Tuesday August 23, 2005
“You’re not enjoying this, are you?” Graham stated.
“No. You could say that. Don’t worry about us, though, we’re managing fine.”
“You need a break.”
“That I do.”
“Right. Leave it with me.”
A further council of war later in the day fixed it all, not the actual date, but close. Dolly and I are to pile into the little silver Ford and take ourselves off to Somerset some time in September for a week in a caravan at St Audries, Graham will move over temporarily from his little cabin, and we shall enjoy a pleasant reunion, breaking the long haul to the end of the season in mid-October. I’ve already secured a promise from a neighbour here to look after the house while I’m away.
Not just that but I am strictly instructed to take it easier on the house selling bit, to the extent of declaring one day a week when I am “not available” for viewings. Darn good idea, and it’ll lessen the load considerably.

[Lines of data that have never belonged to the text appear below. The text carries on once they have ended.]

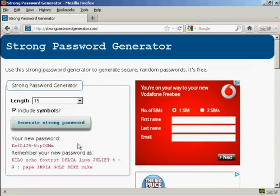There's a very long and I would say uncrackable password. And there's a hint as well to help you remember what that password is.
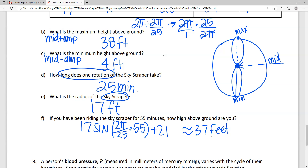That is our periodic functions unit in a nutshell. If you have any questions, don't hesitate to reach out.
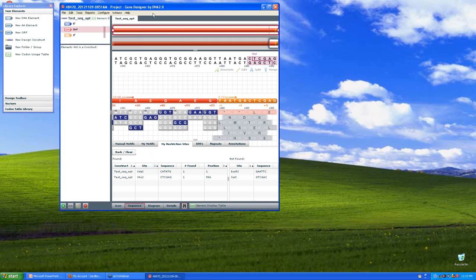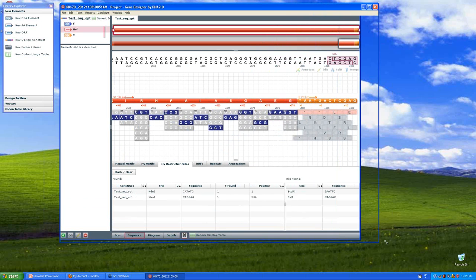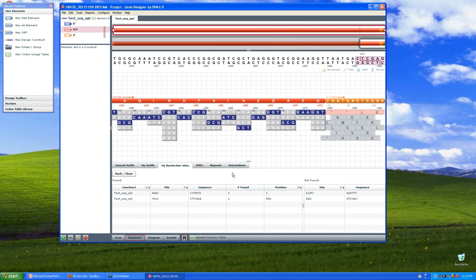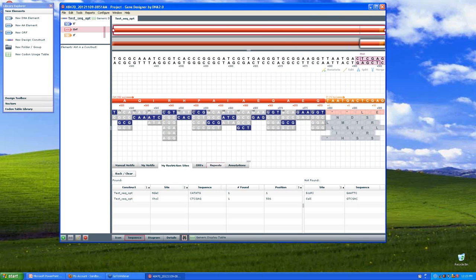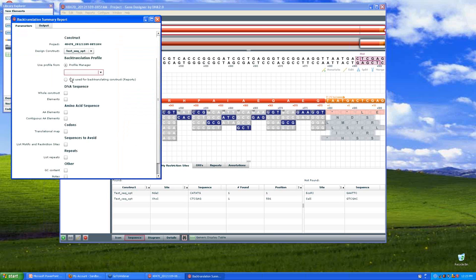So now that I've found that the amino acid sequence matches and my restriction sites have been respected, the next step would be to export the entire DNA sequence that DNA 2.0 is suggesting or proposing to make and compare that to the sequence that's in my account. So I would recommend going to Reports, Back Translation Summary Report, again.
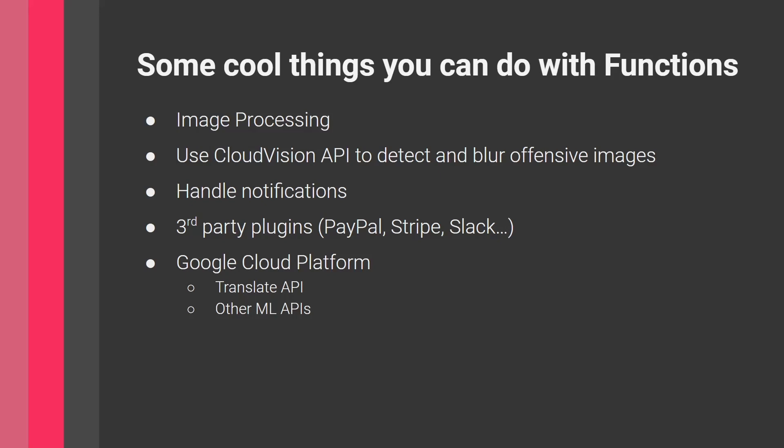You can detect and blur offensive images. Anytime a user uploads an offensive image, use the Google Cloud Vision API to detect it, blur it, and put it back in storage. You're processing everything on the cloud, not on the device. You can handle notifications, though Cloud Messaging exists for this. Other things are third-party plugins—set up payment systems like PayPal or Stripe.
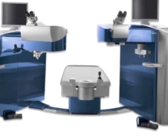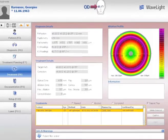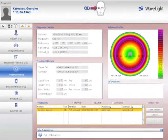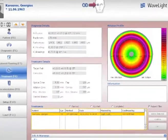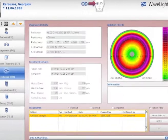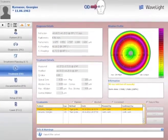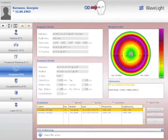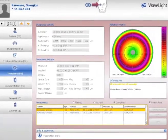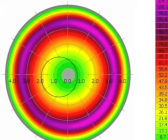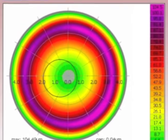We're using the Refractive Suite: the FS200 femto on the left and the EX500 on the right. Here is a standard hyperopic correction treatment plan. You can see how the pupillary aperture as captured by the topographer would be centered, but with topography-guided treatment you can clearly see the de-centered place of the ablation — centered on the visual axis of the patient.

“I think you should let up on the cleaning, too,” he said. “Won’t make any difference to a serious buyer anyway.”
“I’d already just about reached that conclusion myself,” I said. “Nice to have it confirmed.”

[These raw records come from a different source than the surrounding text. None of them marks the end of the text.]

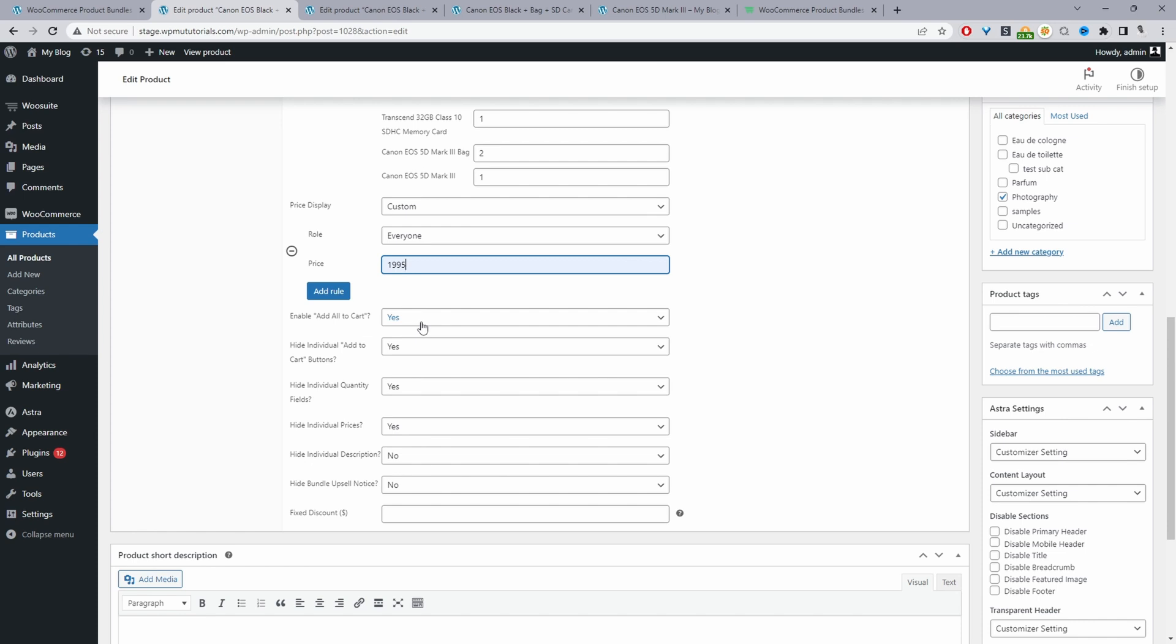I'm going to hide the individual quantity, I'm going to hide the individual price as well, I'm going to leave the individual description. Where it says hide upsell bundle I'm going to select no.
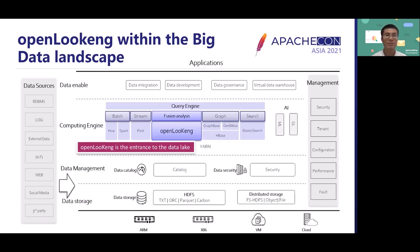Above all the compute engine layers, we have the data enable layer where we do data integration, data development, data governance, and the virtual data warehouse. The user's applications will be built on the data enable layer, and we can develop all kinds of applications such as data processing, the prediction of sales, and all other things.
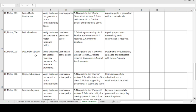Moving on to the fifth test case: document upload. Test case description — verify that the user can upload the necessary documents for insurance processing. Precondition: user has an active policy. Steps to be followed: navigate to the document upload section, upload the required documents, and submit. Expected result: documents are successfully uploaded and associated with the user's policy.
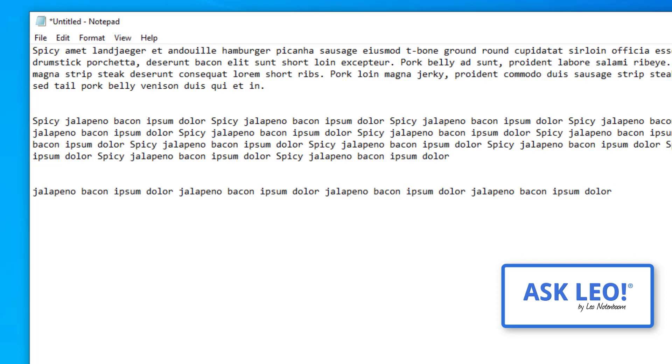So in summary, copy copies whatever you have selected to this magical place known as the clipboard. Cut removes whatever it is you've selected, but moves it to the clipboard and then paste simply takes whatever is in the clipboard and places it wherever your cursor happens to be.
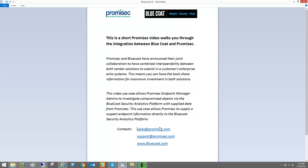So with that said, you have the ability to reach out with any questions or get further information at sales@promisec.com, support@promisec.com, or directly from the Bluecoat site itself. Thanks for listening and stay tuned for future informational videos by Promisec.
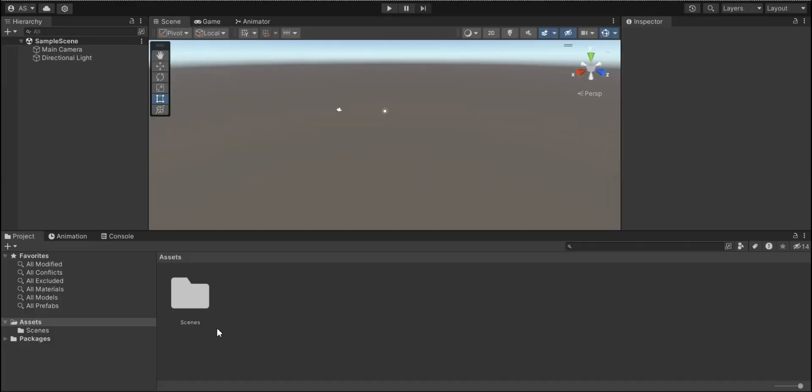Hey everyone, welcome to my channel. In this video, we're gonna make a multiplayer game. So let's get started.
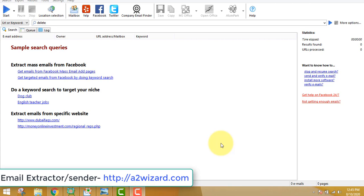Today I'm going to show you an email extractor software which you can see on the screen. It's really awesome — this can extract highly targeted email addresses of people in any particular niche. Suppose you are doing affiliate marketing, suppose you want to get sales for your products, you want leads for your business — this software is perfect for you to generate those leads and sales.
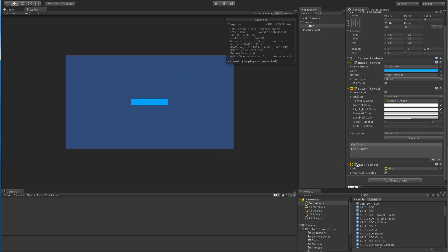So if I disable it, we can see that we have two draw calls. If I enable it, we pick up an extra one. If I duplicate this button, we can see that we're now at five draw calls, which is two for each button.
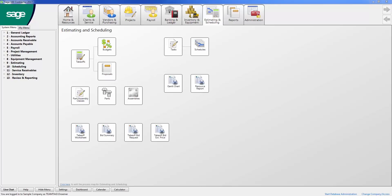Sage 100 Contractor offers a workflow that starts with estimating, continues to project management, and flows to your core accounting functions.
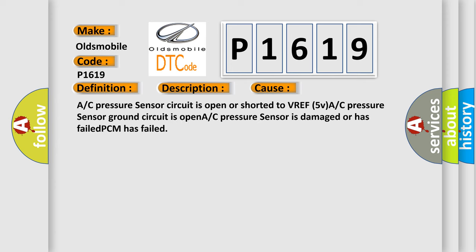A/C pressure sensor circuit is open or shorted to VREF 5V. A/C pressure sensor ground circuit is open. A/C pressure sensor is damaged or has failed. PCM has failed. The airbag reset website aims to provide information in 52 languages.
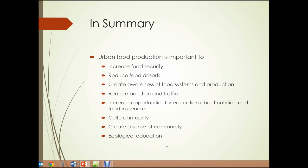In summary, urban food production is important to increase food security, reduce food deserts, create awareness of food systems and production, reduce pollution and traffic, increase opportunities for education about nutrition and food in general, support cultural integrity, create a sense of community, and provide ecological and nutrition education. Urban food production has great importance — you can pick any one of these areas and it would make urban food production worthwhile. That concludes Unit 2.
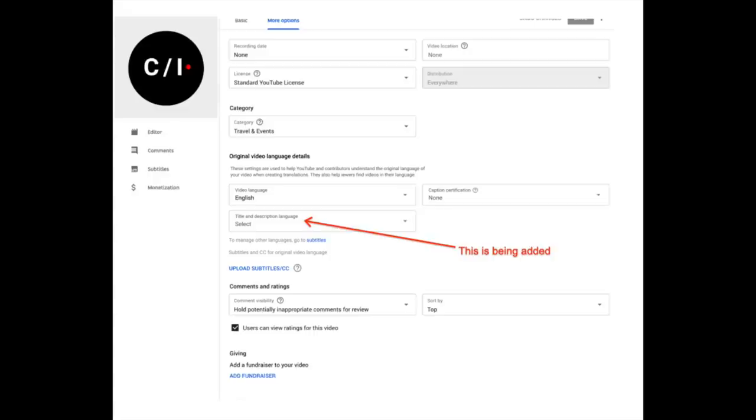More good news — we're transferring the ability to edit the title and the description language into the upload flow within studio. This is part of a campaign to make sure that our new studio interface is as intuitive as possible.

“Well, there you are then.”
And so I am. There, I mean. Wherever ‘there’ is. We discussed the whole thing rather more than this of course, and outlined several options to see us through.
Then I took myself out to the garden and cut grass under increasingly heavy skies. It could be that it’ll rain tomorrow and there was already a one-and-a-half bag load of growth. Several neighbours, hearing my electric mower start up, came out, looked up at the sky and decided I was right. Within half an hour it was like a street party out there, grass getting cut in all directions. We’re entering into the period now in late summer when I shall need to fit my grass cutting in with the weather. Electric mowers and wet grass do not mix.
Job done, mower cleaned and the cuttings neatly bagged up ready to go out with the trash on Thursday, I sat down outside the kitchen door to cool off. A new generation baby rabbit has turned up and taken temporary residence in the long bed opposite the kitchen and he poked his head out to look at me solemnly, then returned to his task of dead-heading petunias, showing every sign of appreciation. Good company, and I don’t grudge him a few tired blooms. He doesn’t seem too interested in the stuff that’s coming into new bloom now. I left the side gate hitched back so’s he can go back to the field when he’s had enough of a floral diet.
Of course there’s the increased likelihood of Murphy’s Law cutting in now, with some earnest buyer turning up and making our little Somerset holiday impossible. Would I complain about that? Well, of course I wouldn’t. Not a lot, anyway.